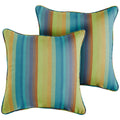 Sunbrella Blue Stripe Indoor Outdoor Corded Throw Pillow Set Of 2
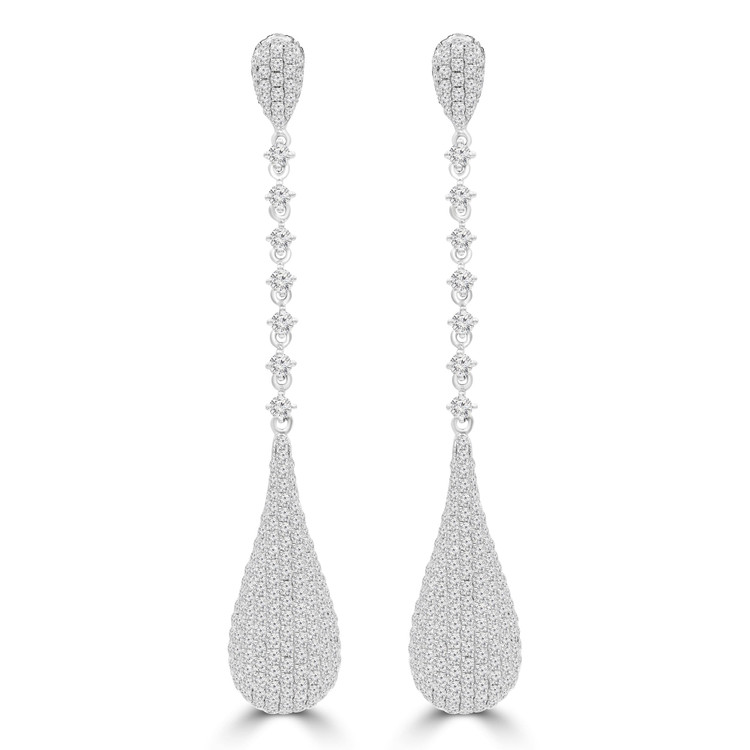 3 1/4 CTW Round Diamond Teardrop Drop/Dangle Earrings in 18K White Gold (MDR220233)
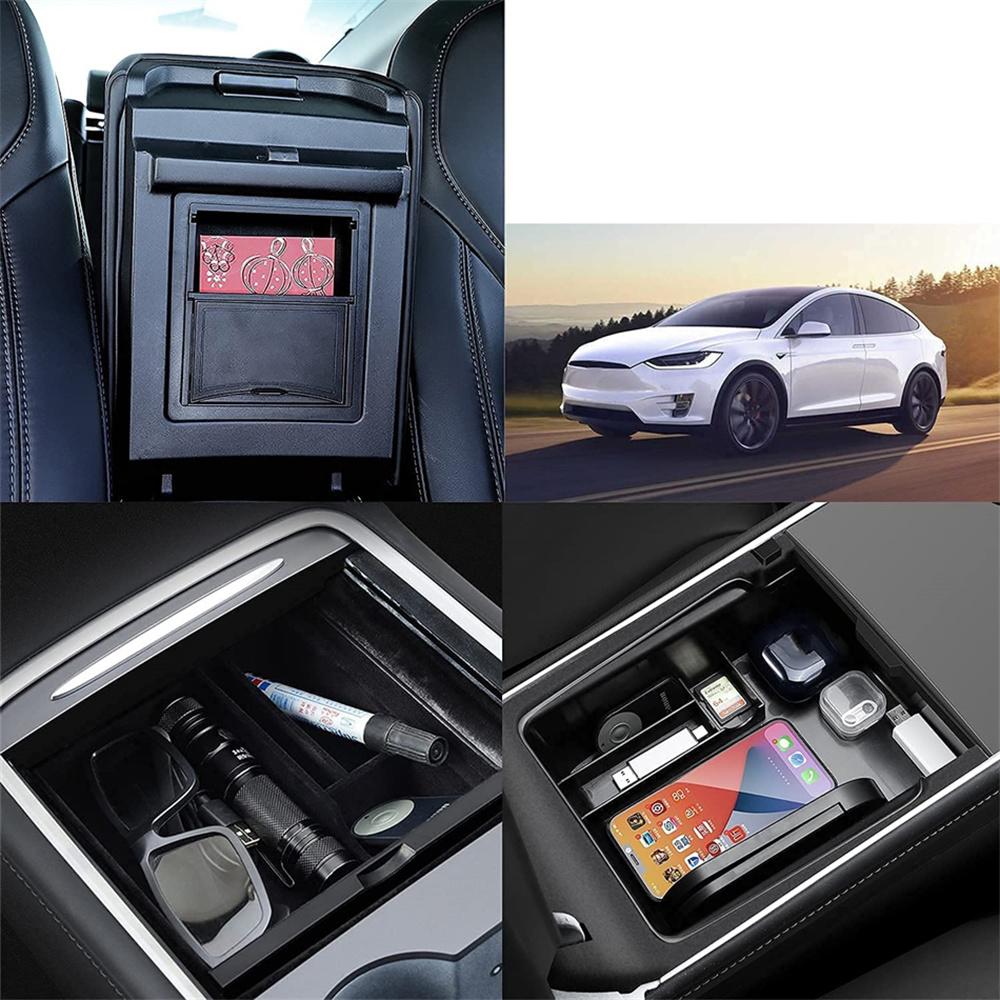 3Pcs Flocked Center Console Organizer Tray Storage Box For 2021 2022 Tesla Model3 Model Y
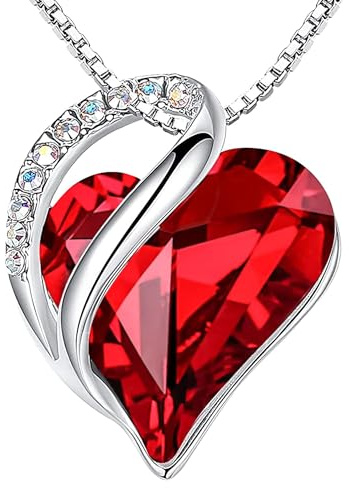 Leafael Infinito Amore Cuore Collana Argento, Pietra di nascita collana donna con cristalli curativi, Senza allergie Gioielli Regalo Donna, ciondoli per collane con scatola regalo inclusa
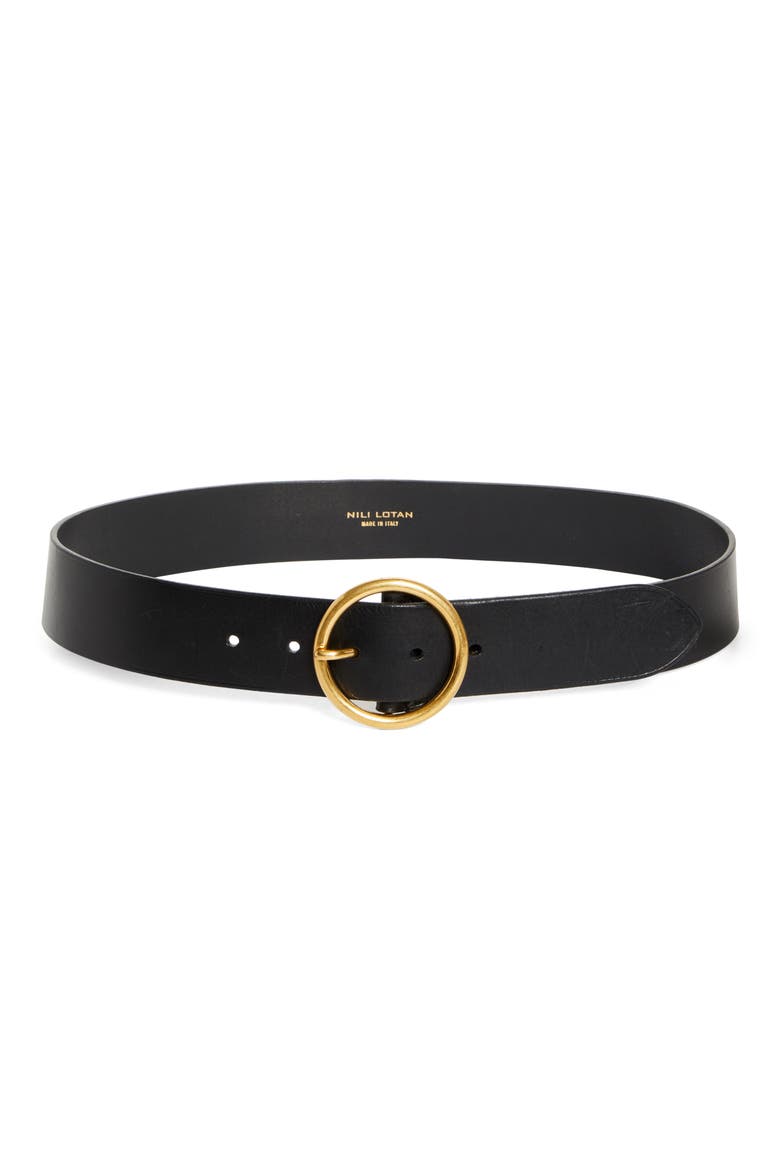 Avery Leather Belt, Main, color, BLACK W/ ANTIQUE BRASS BUCKLE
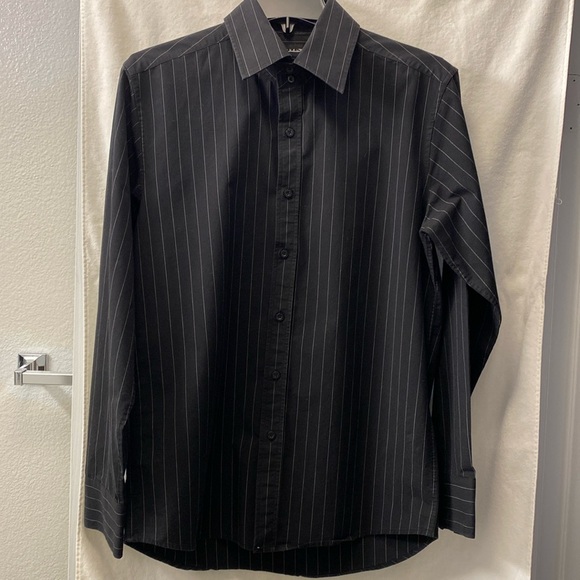Level Ten Black Men’s Button-Down Striped Dress Shirt - Picture 1 of 15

....

Exercise prompt: Set down the line containing "Avery Leather Belt, Main, color, BLACK", then every later line through the end of the material, exactly as written; omit any picture.

Exercise response:
 Avery Leather Belt, Main, color, BLACK W/ ANTIQUE BRASS BUCKLE
Level Ten Black Men’s Button-Down Striped Dress Shirt - Picture 1 of 15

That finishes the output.